‘The Power of the Dog’: An Identity Crisis in the American Frontier

This unconventional western on the destructive impacts of societal gender roles and stereotypes is already receiving Oscar buzz



“The Power of the Dog” is a leading candidate for Oscars such as Best Picture.


The months of November and December annually mark the peak in the quality of film releases as major studios release their Oscar hopefuls. With so many new films released in the last couple of weeks, it can be difficult to pick one to watch from the bunch. Make no mistake, “The Power of the Dog,” released on Netflix on Dec. 1, is a must-watch for anyone who watches the Oscars as it will dominate in total Oscar nominations and is sure to come up in awards conversations. 

The film takes place in 1920s Montana as Phil Burbank (Benedict Cumberbatch) struggles to deal with societal views of masculinity, class and love once his brother George (Jesse Plemons) marries and brings his newlywed wife, Rose Gordon (Kirsten Dunst) to the Burbank cattle ranch. 

Phil, a macho and antagonizing individual, strikes up an unlikely relationship with Rose’s delicate and sensitive son, Peter Gordon (Kodi Smit-McPhee). What ensues is a tense and precisely crafted story that needs repeat viewings to pick up on all the symbolism and hidden meanings. 

With her nuanced and layered direction in “The Power of the Dog,” Jane Campion is primed to be nominated for another directing Oscar.

This is director Jane Campion’s first time in the directing chair in over 12 years. Campion has pushed the boundaries for women in the film industry ever since she was nominated for Best Director at the 1994 Academy Awards for “The Piano.” She is one of only seven female directors to be nominated for the Best Director award at the Oscars. With her nuanced and layered direction in “The Power of the Dog,” she is primed to be nominated for another directing Oscar, making her the first female to be nominated for two Best Director Oscars. 

In a surprising twist, this western focuses primarily on the relationships of the characters instead of the action, making the film more meaningful and, ironically, more intense than if it relied on western staples like violence and fights. The combination of the costumes and film score blend together to bring the pressure each character feels to live up to socially constructed gender personalities and roles.

The costumes provide insight to the characters, often reflecting their insecurities. From the very first shot of Phil, the story’s central figure, he drips of masculinity with his greased back hair, spurs, fur pants and overalls. He has a grittiness and impenetrability to him that makes him domineer and cower over others, radiating the harshness that was associated with men during that time period. 

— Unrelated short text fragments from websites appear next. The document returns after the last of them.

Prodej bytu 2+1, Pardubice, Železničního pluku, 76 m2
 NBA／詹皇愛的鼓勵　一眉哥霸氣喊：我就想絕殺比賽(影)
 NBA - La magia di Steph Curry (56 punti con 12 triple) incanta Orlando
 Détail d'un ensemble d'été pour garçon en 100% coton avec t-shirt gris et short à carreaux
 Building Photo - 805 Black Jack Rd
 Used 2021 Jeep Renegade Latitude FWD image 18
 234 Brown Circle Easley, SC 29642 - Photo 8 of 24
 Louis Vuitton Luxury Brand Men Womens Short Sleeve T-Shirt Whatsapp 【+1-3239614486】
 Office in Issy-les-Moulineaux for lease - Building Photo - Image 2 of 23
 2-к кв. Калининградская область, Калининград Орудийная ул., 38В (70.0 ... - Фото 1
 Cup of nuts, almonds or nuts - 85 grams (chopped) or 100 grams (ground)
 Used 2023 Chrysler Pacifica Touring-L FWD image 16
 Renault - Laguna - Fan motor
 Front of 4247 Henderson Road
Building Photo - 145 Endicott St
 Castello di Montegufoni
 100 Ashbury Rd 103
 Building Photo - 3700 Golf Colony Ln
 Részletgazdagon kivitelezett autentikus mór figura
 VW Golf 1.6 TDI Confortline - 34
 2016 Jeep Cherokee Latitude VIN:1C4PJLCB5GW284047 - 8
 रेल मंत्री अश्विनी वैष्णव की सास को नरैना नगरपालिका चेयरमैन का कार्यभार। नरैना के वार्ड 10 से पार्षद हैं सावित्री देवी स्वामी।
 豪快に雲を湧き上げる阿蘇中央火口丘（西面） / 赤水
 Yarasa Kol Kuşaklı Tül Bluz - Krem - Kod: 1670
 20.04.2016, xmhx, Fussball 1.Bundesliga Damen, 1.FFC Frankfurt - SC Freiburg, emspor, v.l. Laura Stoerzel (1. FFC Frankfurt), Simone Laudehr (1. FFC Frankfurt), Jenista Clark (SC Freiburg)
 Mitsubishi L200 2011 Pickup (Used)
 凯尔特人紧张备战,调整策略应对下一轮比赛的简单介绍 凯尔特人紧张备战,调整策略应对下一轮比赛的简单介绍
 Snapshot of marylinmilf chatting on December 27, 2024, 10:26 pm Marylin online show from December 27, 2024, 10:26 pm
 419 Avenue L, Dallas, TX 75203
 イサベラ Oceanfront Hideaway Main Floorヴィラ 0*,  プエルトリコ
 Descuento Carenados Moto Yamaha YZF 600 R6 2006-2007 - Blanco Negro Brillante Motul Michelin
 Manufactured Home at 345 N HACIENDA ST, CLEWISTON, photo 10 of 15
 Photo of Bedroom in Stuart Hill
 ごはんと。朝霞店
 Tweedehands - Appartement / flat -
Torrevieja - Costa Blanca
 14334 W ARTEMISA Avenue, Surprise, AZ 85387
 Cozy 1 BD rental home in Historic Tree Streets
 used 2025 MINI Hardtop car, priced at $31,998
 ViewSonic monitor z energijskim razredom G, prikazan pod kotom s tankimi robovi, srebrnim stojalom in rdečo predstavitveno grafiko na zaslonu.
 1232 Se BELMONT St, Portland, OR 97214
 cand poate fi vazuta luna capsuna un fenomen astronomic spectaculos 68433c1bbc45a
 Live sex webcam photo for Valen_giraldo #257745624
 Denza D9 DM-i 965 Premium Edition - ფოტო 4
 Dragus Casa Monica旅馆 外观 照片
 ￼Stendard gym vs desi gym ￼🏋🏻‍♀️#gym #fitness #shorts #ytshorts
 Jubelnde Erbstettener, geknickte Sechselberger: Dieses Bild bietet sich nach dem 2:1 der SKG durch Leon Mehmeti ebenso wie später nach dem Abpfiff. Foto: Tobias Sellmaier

Phil’s appearance is in stark contrast to his brother George who wears suits, bowties and top hats, representing his professionalism and intelligence. Peter, who strikes up an unexpected bond with Phil, represents everything that Phil isn’t: feminine, sensitive and physically weak, coming off as harmless and innocent. This is heightened by the sun hats and loose, short clothing he wears. The costume design choices put preconceived notions in the minds of the audience about who these characters are and what they are capable of. To avoid ruining the ending act, I will leave you with this: looks can be deceiving. 

Adding to the tension is a haunting but beautiful score by Jonny Greenwood, composed solely of string instruments and a piano. Subtle changes in the keys and tempo create an unnerving ambience, amplifying how characters like Phil and Rose are struggling with their identities.   

Look for “The Power of the Dog” to be in the spotlight during the Oscars season, as it is one of the leading candidates for Best Picture because of its critiques on what power, strength and masculinity look like. Categories like Best Adapted Screenplay and Best Original Score are also surefire bets, and don’t be surprised to see the film earn several acting nominations. 

“The Power of the Dog” is a reminder to stay true to yourself.

Cumberbatch is a front runner for Best Actor for his dark and tragic portrayal of Phil Burbank. Any scene with him is a treat, as he fully embraced his role as a villain, which is very different from the roles that viewers are used to seeing him play like Doctor Strange in the Marvel Cinematic Universe. 

Smit-McPhee is on track to earn his first Oscar nomination for Best Supporting Actor for his role as Peter. His mannerisms and tone illuminate Peter’s sensitivity and uneasiness toward the society of macho men he is becoming a part of. Finally, Dunst is one of the leading candidates for Best Supporting Actress for her portrayal of Rose Gordon. Through Dunst’s facial expressions and line delivery, Rose’s spiral into a descent of madness and alcoholism is mentally draining to watch. 

Ultimately, “The Power of the Dog” is a reminder to stay true to yourself. Your identity is your own, not a social construct. Embrace it and choose who you want to be.